After all, conceptually the return on investment ought to be higher in labor-abundant, poor economies. But I find it hard to believe that story, when we find it going on year after year. OK, many economies have unstable politics, which might make would-be investors cautious. So savings could pile up. But we don't see sharp breaks that might be consistent with that story, that is, with the ebb and flow of politics. Indeed, if that sort of uncertainty is key, we ought to see a huge Trump bump, because politics in the US now looks zany. Policy change is precluded by political infighting and the failure to appoint staff across the Federal government. We have no ability to address a crisis, much less attend to long-run challenges such as putting in place a true healthcare system, improving eduction or setting our fiscal house in order. The bottom line is that I don't see any such effect in the data.

The other story is secular stagnation: that despite the hype and self-promotion of Silicon Valley and the venture capital vultures who circle in search of easy feeds, there just isn't much happening. Cheaper taxi services – Uber, for example – just aren't working out. And from an economy-wide perspective it's hard to see an economic revolution in that, or better dating apps, or in receiving streams of 140 characters. In the $20 trillion dollar US economy, there's room for a lot of successful new $50 million businesses, but again, from a $20 trillion dollar perspective they are chump change. Robots? – I've been visiting factories for decades, automation is already widespread. The low-hanging fruit has been picked, and "hard" goods are only a 20% slice of our consumption. Artificial intelligence? The Executive Director of our small local United Way of Rockbridge worked in the earliest AI initiative at Stanford in the 1970s. Algorithms aren't new, and the cost of computing has long been near zero. Again, the low-hanging fruit has already been picked.

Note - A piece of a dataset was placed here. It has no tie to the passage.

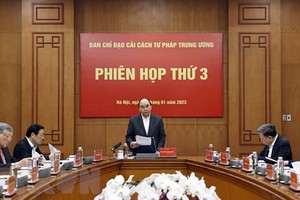 国家主席阮春福（中）主持会议。（图：越通社）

...the other story is secular stagnation...

My preferred explanation then is that (to borrow the title of Marc Levinson's most recent book), the transport, information and energy revolutions that exploded after 1800 represented An Extraordinary Time. That era has now come to a close, and henceforth we will no longer see the productivity growth that underlay the rise of the US. To borrow again, this time from Robert Gordon, this represents the Rise and Fall of American Growth.

However it's not just an American story, something emphasized more by Levinson than by Gordon. It's the story throughout the OECD economies, Europe and Japan and now even China. We can pray that in the next 3 decades South Asia and Africa converge on the developed economies through their own growth miracles. But for now they're too small, and too isolated financially, to offer a solution to the secular stagnation that we see in the US.

Disclosure: I'm using Levinson's book this fall in my 2 sections of Econ 102, Principles of Macroeconomics. I listened to the Audible recorded book version this spring, and am now reading the hard copy one. Gordon is also available as a recorded book, but given his prolific use of data, I can't imagine consuming it without his graphs in front of me – and I do my listening while driving.
For completeness, Bernanke reviewed his original savings glut story 10 years later, in a 2015 Brookings post. Here too is The Demise of U.S. Economic Growth, a modest-length paper that covers the stagnation themes that appear in the latter 100 or so pages of Gordon's 750+ page book.